Experimental data stored in the described repositories represent a wealthy source of information, useful for bioinformaticians which attempt to design algorithms for predicting peptides most observable using MS. For this purpose, the STEPP software contains an implementation of a trained support vector machine (SVM) (Cristianini and Shawe-Taylor 2000; Vapnik 1999) that uses a simple descriptor space, based on 35 properties of amino acid, to compute a score representing how proteotypic a peptide is by LC-MS (Webb-Robertson 2009). Similarly to STEPP, a predictor was developed, called Peptide Sieve (Mallick et al. 2007), by studying physicochemical properties of more than 600,000 peptides identified by four different proteomic platforms.
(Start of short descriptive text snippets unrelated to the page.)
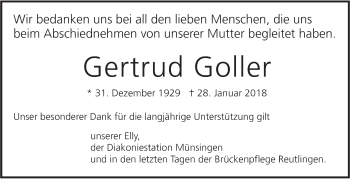 Traueranzeige von Gertrud Goller von Alb-Bote/Metzinger-Uracher Volksblatt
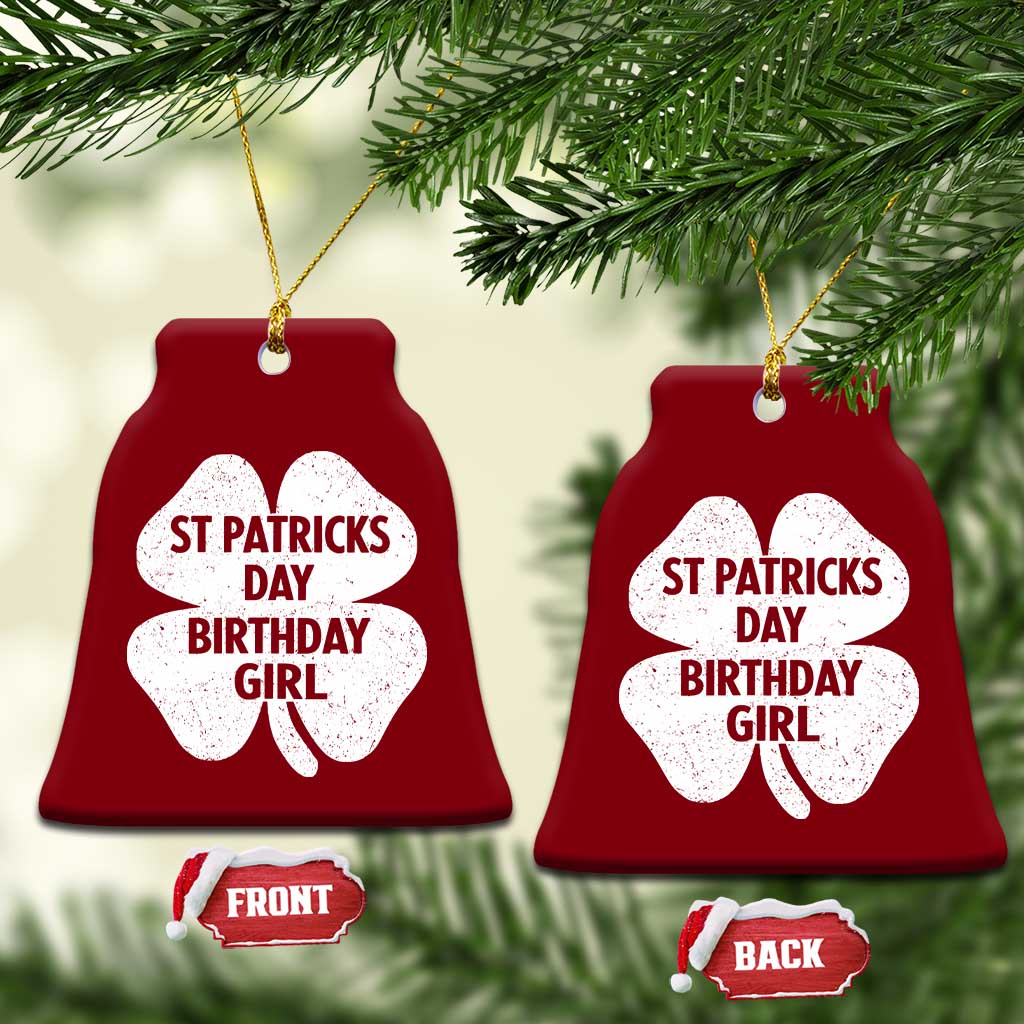 St Patricks Day Birthday Girl Ceramic Ornament Irish Bday Shamrock Clovers TS10 Print Your Wear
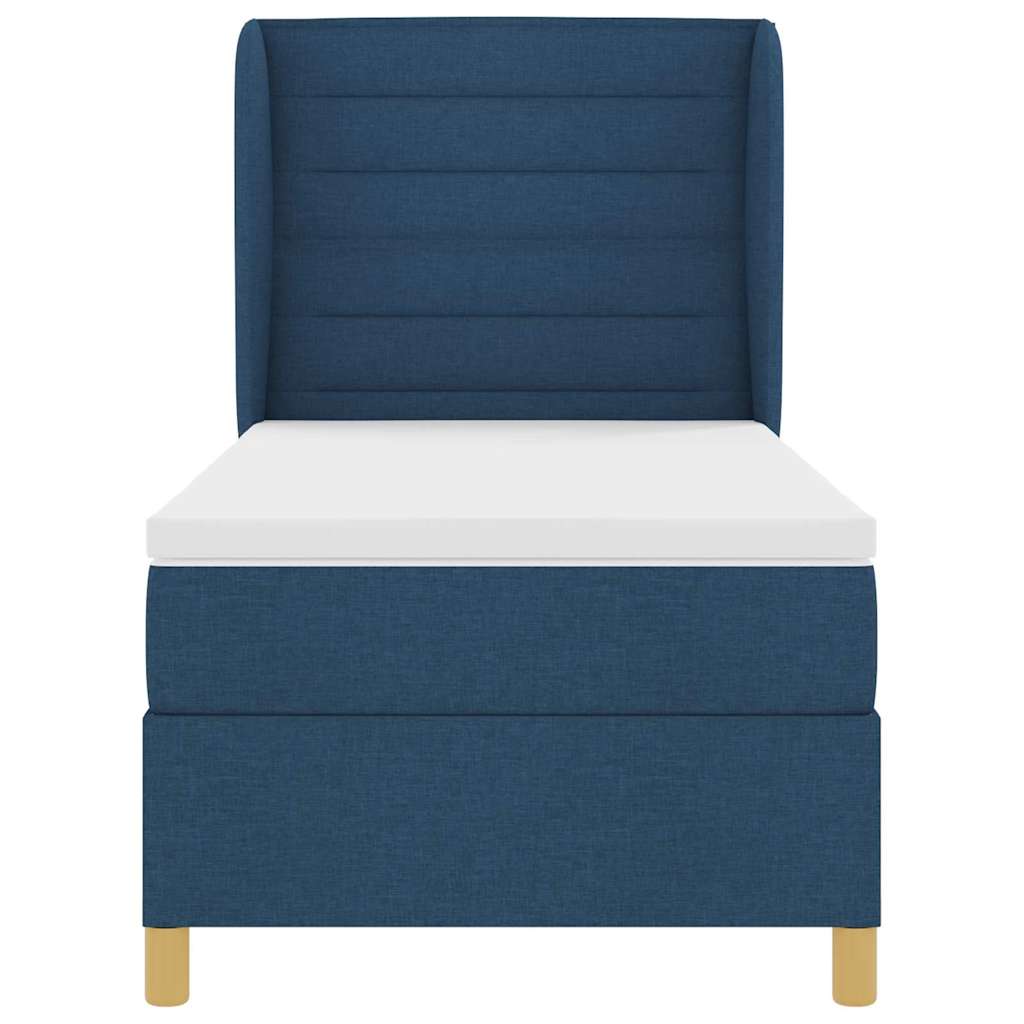 Box spring seng med madras med hovedgærde Blå 200 x 80 cm Stof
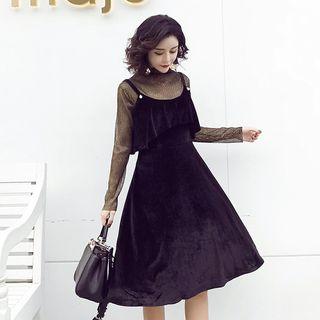 Set: Mock Neck Long Sleeve Mesh Top + Velvet Spaghetti Strap Dress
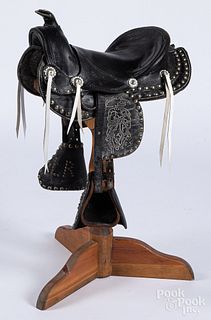 Child's Lone Ranger leather saddle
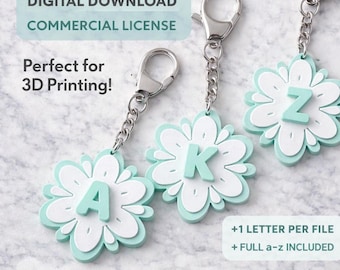 Alphabet Flower Keychain STL Files A-Z, 3D Print Charm (Digital Download)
This predictor has the ability to accurately identify proteotypic peptides from any protein sequence and offer starting points for generating a physical model describing the factors that govern elements of proteomic workflows such as digestion, chromatography, ionization, and fragmentation. Other authors, like Tang et al., used neural networks (Riedmiller and Braun 1993) to develop the DetectabilityPredictor software that uses 175 amino acid properties (Tang et al. 2006). In the same way, artificial neural networks were used to predict peptides potentially observable for a given set of experimental, instrumental, and analytical conditions concerning multidimensional protein identification technology datasets (Sanders et al. 2007). Finally, random forest (Breiman 2001) was used to develop enhanced signature peptide (ESP) predictor. It was specifically designed for facilitating the development of targeted MS-based assays for biomarker verification or any application where protein levels need to be measured (Fusaro et al. 2009).
9.4 Classification and Clustering Algorithms
Clinical proteomics aims to use relevant data for improving disease diagnosis or for monitoring its progression (Palmblad et al. 2009; Brambilla et al. 2012). In this context, biomarkers represent a key aspect to develop methods for classifying samples according to their phenotypes (e.g., healthy-diseased, early-late stage).
In addition, to address the biological questions, technologies for high-throughput proteomics allow long lists of spectra, sequenced peptides, and parent proteins that represent a wealthy source of data for identifying predictive biomarkers. For these purposes, most studies have used spectra, generated by MALDI and SELDI technology, in combination with a wide variety of prediction algorithms. On the contrary, fewer cases have taken into consideration data obtained by LC-MS analysis (see Supplemental Information Table 2). However, results of LC-MS analysis (or by MudPIT) are formatted in an m × n matrix, with a structure very reminiscent of the output of microarray genomics experiments (Fig. 9.3). Hence, the software packages and the tools useful for analyzing genomics data may easily be used for proteomics (Ressom et al. 2008; Dakna et al. 2009).
Even if some properties of proteomic datasets are related to the analytical technology used to generate them, procedures for sample classification basically consist of four steps, such as data preprocessing, feature selection, classification, and cross-validation (Ressom et al. 2008; Dakna et al. 2009; Sampson et al. 2011; Barla et al. 2008). The first one aims to achieve reproducible results by minimizing errors due to the experimental-designed methodology. Mass spectral profiles may be influenced by several factors, such as baseline effects, shifts in mass-to-charge ratio, alignment problem, or differences in signal intensities that may be corrected by specific computational procedures (Yu et al. 2006; Arneberg et al. 2007; Pluskal et al. 2010). In the same way, variation of sampling parameters associated with sequenced protein, such as spectral count or score, is adjusted using related strategies of data normalization (e.g., Total Signal, log preprocessing (by ln), Z normalization, Maximum Signal, or Row Sigma) (Carvalho et al. 2008).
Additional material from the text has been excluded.